* _TASK TO COMPLETE_
Below are the records. Retype exactly the lines between the lines holding "3200 Poppleton Rd, Nanaimo, BC" and "Building Photo - 736 1/2 Massachusetts St", inclusive.

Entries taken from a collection
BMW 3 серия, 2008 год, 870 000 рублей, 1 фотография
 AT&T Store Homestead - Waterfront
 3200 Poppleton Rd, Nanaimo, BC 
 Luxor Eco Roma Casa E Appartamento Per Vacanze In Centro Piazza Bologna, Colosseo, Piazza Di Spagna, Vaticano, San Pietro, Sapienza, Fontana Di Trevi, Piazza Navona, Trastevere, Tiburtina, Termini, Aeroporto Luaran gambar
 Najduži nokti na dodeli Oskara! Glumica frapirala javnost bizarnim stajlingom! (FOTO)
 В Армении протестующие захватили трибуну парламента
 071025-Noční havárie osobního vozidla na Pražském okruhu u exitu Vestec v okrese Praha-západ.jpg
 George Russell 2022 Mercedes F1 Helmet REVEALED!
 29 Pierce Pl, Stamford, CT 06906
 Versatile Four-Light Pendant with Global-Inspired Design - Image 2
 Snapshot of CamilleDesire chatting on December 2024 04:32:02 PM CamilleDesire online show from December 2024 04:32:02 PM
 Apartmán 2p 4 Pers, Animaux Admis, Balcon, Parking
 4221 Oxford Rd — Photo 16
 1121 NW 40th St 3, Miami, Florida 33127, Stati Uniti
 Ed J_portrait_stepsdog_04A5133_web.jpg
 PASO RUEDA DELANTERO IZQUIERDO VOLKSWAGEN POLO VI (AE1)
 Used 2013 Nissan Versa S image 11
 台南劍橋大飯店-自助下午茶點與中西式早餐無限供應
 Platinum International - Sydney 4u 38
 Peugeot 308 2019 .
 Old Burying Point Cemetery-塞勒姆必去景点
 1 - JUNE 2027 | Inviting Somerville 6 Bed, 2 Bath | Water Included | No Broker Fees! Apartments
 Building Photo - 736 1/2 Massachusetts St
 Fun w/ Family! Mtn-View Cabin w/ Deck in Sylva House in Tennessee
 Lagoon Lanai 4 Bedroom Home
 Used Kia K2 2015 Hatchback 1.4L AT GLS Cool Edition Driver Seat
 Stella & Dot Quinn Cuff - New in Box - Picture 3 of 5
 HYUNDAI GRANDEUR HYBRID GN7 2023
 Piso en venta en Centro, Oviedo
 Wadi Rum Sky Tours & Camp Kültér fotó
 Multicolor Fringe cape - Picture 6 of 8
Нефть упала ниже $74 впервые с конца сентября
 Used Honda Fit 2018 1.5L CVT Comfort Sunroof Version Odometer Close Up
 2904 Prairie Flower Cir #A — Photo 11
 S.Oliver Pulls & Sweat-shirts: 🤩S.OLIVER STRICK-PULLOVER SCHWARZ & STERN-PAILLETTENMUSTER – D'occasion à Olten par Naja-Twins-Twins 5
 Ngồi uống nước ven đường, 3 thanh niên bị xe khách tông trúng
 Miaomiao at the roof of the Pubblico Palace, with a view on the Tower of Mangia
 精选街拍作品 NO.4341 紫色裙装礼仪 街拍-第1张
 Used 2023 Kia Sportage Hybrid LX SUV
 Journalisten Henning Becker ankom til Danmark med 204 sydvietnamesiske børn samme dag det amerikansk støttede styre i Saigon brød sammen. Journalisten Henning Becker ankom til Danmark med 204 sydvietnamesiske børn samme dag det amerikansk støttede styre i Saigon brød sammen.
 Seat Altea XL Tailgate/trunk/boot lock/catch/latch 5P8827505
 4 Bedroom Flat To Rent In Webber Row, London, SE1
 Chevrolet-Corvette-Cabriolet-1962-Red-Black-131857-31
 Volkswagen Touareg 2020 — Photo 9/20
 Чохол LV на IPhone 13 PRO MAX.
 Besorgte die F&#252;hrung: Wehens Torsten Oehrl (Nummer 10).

* _ANSWER TO THE EXERCISE_
 3200 Poppleton Rd, Nanaimo, BC 
 Luxor Eco Roma Casa E Appartamento Per Vacanze In Centro Piazza Bologna, Colosseo, Piazza Di Spagna, Vaticano, San Pietro, Sapienza, Fontana Di Trevi, Piazza Navona, Trastevere, Tiburtina, Termini, Aeroporto Luaran gambar
 Najduži nokti na dodeli Oskara! Glumica frapirala javnost bizarnim stajlingom! (FOTO)
 В Армении протестующие захватили трибуну парламента
 071025-Noční havárie osobního vozidla na Pražském okruhu u exitu Vestec v okrese Praha-západ.jpg
 George Russell 2022 Mercedes F1 Helmet REVEALED!
 29 Pierce Pl, Stamford, CT 06906
 Versatile Four-Light Pendant with Global-Inspired Design - Image 2
 Snapshot of CamilleDesire chatting on December 2024 04:32:02 PM CamilleDesire online show from December 2024 04:32:02 PM
 Apartmán 2p 4 Pers, Animaux Admis, Balcon, Parking
 4221 Oxford Rd — Photo 16
 1121 NW 40th St 3, Miami, Florida 33127, Stati Uniti
 Ed J_portrait_stepsdog_04A5133_web.jpg
 PASO RUEDA DELANTERO IZQUIERDO VOLKSWAGEN POLO VI (AE1)
 Used 2013 Nissan Versa S image 11
 台南劍橋大飯店-自助下午茶點與中西式早餐無限供應
 Platinum International - Sydney 4u 38
 Peugeot 308 2019 .
 Old Burying Point Cemetery-塞勒姆必去景点
 1 - JUNE 2027 | Inviting Somerville 6 Bed, 2 Bath | Water Included | No Broker Fees! Apartments
 Building Photo - 736 1/2 Massachusetts St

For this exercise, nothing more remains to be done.